After roughly four months of waiting, the saliva test was successfully approved in January 2021 following the urging of President Rodrigo Duterte. In April 2021, saliva-based RT-PCR testing was both validated by the Research Institute of Tropical Medicine (RITM) and was declared covered by PhilHealth. Through the Philippine Red Cross, different malls like SM Supermalls, Ayala Malls, and Robinsons Malls now function as drive-thru testing sites. After scanning a QR code and filling up a form, people can just fill a tube with saliva (making sure they haven’t eaten or smoked in the past 30 minutes), screw the cap on, drop it off at the collection center, and get their results within 48 hours or so.
But apart from the difficulties bringing the test into the country, the way the media has discussed the test still worries Ranoa. “They’re comparing it to a rapid antigen test,” says Ranoa. Many antigen tests have been shown to be lacking in sensitivity, with a major antigen test used in the UK being recalled by the U.S. FDA recently. Sensitivity is important in catching positive cases and as more variants emerge in the population. But Ranoa assures the public that the saliva test is just as sensitive as the gold standard. “They’ve shown that they’re pretty much the same.” In fact, it successfully acquired an Emergency Use Authorization (EUA) from the U.S. Food and Drug Administration (FDA) late last year.
But Ranoa warns that testing is only a small part of the larger picture.
In mid-August 2020, when school began, their testing facility encountered roadblocks. The mandate of testing the entire population twice a week resulted in over 20,000 tests needing to be processed per day — way above their capacity of 10,000 tests/day.

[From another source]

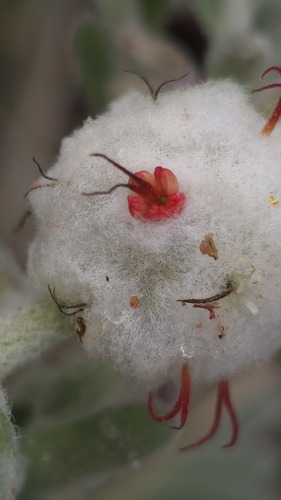 Dissocarpus paradoxus, photograph 6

Consequently, their turnaround time suffered.
Epidemiologists and bioinformaticians looked at their data real-time and saw that the hotspots were often undergraduates. The team changed the mandate, adjusting to test undergraduates more frequently and decreasing testing frequency for everyone else. This brought down the number of tests needed and it became easier to deliver results within the allotted time-frame. “You have to combine it with everything else to have a very effective surveillance system.”
The university’s investment in the equipment and training has created a model for restoring campus activity around the U.S. and the world. With the capacity building and infrastructure in place, Ranoa foresees that the same technology and protocols for processing saliva can be used for the diagnosis of other diseases such as cancer. “The university already invested in all of these PCR machines.” says Ranoa. “What are you gonna do with those after COVID?”
In addition to the vaccine rollouts continuing around the world, constant, reliable information, through testing, will be key to developing plans to re-open campuses, and with it, the experiences that have been lost — like onsite graduations and other social gatherings.
“I take the bus from when I go home to work and back,” says Ranoa. “The bus route takes me through the soccer fields, the football fields, the volleyball fields and everytime I see students that are able to get out and play. To be able to see the students enjoy a 'normal life' during the height of the pandemic, that was a very rewarding feeling for me. The saliva test helped make that happen.”
***Erratum: An earlier version of the article erroneously stated that Ranoa is a fellow at University of California Urbana Champaign instead of University of Illinois Urbana Champaign. We apologize for this oversight.